Considere o caso da história da Mulher pega em adultério (Jo 7:52-8:11), uma história que ambas as edições entendem como uma interpolação no texto do Evangelho de João (note o texto em itálico em ambas). A diferença de apresentação nesse caso é visível em dois pontos: (1) a NIV adiciona um texto típico de nota de rodapé como título da passagem; ao comparar o título da NIV e a nota de rodapé da NVI23, você verá que o conteúdo de ambas é deveras similar; (2) A NVI23 restaura o sentido da passagem ao focar no propósito da história e não em sua origem. Sim, essa é uma história de uma mulher pega em adultério, mas esse não é o fim nem o propósito da história: a graça e o perdão oferecido por Cristo o é. Como entusiasta da Crítica Textual do Novo Testamento e defensor da historicidade dessa passagem, acredito que a NVI23 oferece melhor apresentação da história com a mudança do título dessa passagem.
Conclusão
O que podemos dizer sobre essa edição? Em termos de apresentação, pode-se dizer que ela é esteticamente muito bonita. Em termos de edição, pode-se dizer que ela é agradável de ler. Em termos textuais, representa uma das melhores traduções que temos em português, ao equilibrar a fidelidade ao texto original com a fluência necessária da linguagem contemporânea. Em termos de tradução, oferece uma leitura fácil e inteligível, sem perder o referente do texto original. Dessa forma, eu diria que essa é uma excelente versão dos Evangelho, e estou certo que será muito útil para o estudo pessoal, estudo em grupos pequenos ou até mesmo para estudo na EBD.

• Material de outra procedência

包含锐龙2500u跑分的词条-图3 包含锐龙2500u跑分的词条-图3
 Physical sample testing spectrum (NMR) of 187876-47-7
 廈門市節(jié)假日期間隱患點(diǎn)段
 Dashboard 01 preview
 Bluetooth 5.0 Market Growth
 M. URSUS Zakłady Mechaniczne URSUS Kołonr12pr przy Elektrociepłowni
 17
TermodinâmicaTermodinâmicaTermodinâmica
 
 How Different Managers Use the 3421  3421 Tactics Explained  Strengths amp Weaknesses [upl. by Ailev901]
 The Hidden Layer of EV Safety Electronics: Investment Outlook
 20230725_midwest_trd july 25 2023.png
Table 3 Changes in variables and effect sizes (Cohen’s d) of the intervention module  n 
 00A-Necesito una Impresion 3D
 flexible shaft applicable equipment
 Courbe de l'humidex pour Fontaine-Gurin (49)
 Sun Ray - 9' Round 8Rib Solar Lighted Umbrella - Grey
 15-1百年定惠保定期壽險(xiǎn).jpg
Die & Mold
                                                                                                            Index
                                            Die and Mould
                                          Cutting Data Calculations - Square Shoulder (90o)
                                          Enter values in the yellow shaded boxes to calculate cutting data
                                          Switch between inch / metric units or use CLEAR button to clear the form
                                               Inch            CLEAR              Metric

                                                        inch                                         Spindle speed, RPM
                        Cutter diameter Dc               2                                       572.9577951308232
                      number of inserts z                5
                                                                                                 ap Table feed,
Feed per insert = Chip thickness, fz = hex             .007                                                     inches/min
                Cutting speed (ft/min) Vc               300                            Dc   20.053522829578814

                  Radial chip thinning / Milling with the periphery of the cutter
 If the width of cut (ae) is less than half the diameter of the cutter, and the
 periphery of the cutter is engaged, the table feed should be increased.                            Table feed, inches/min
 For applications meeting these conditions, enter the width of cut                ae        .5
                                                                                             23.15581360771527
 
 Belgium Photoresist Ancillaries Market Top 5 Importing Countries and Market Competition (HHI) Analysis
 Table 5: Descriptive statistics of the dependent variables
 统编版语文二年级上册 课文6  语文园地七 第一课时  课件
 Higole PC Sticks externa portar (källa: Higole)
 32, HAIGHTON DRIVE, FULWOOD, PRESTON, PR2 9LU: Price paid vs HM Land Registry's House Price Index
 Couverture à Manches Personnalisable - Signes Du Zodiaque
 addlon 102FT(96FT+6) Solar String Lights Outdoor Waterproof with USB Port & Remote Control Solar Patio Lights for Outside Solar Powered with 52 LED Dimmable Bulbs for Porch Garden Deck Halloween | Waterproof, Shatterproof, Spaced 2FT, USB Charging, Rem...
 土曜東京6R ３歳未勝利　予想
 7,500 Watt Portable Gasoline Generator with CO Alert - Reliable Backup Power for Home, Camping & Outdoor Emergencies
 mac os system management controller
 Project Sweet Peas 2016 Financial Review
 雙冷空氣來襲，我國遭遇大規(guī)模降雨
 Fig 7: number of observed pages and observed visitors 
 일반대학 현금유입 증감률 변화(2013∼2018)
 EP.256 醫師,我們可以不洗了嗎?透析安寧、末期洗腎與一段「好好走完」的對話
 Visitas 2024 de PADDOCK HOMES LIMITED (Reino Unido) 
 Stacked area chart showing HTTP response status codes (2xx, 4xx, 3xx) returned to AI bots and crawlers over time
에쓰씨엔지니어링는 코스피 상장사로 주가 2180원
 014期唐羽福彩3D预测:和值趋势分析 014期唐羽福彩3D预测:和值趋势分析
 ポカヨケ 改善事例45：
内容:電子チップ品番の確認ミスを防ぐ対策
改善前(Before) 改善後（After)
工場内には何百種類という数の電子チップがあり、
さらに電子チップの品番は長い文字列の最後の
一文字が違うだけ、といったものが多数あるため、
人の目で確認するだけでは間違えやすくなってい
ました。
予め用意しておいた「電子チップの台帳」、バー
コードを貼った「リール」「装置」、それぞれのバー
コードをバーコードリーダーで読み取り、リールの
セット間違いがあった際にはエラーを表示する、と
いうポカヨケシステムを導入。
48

Esse caso é um pouco mais complicado de se identificar, pois nem toda citação do AT encontrada no NT é exatamente como aquela encontrada no nosso Texto Massorético, ou em alguma tradução grega desse texto. Além disso, não é incomum que os autores do NT citem a LXX em texto que diferem do texto hebraico que conhecemos hoje.
O assunto é certamente complexo e talvez seja necessário um post somente sobre as dificuldades interpretativas dos particípios perifrásticos.
Para os nerds de plantão, o v.26 do capítulo 11 do Evangelho de Marcos está presente tradição do Textus Receptus, do Texto Majoritário e da Família 35. Além disso, é atestado pela tradição manuscrita do NT desde o séc. V (cf. 02 04 05 07 09vid 011 013 017 021 022 030 033 034 038 041 045 1 13 28 33 35 69 118 124 346 579 788 1005 1071 1424 1582 2358 2372 ƒ1 ƒ13 Byz Lect).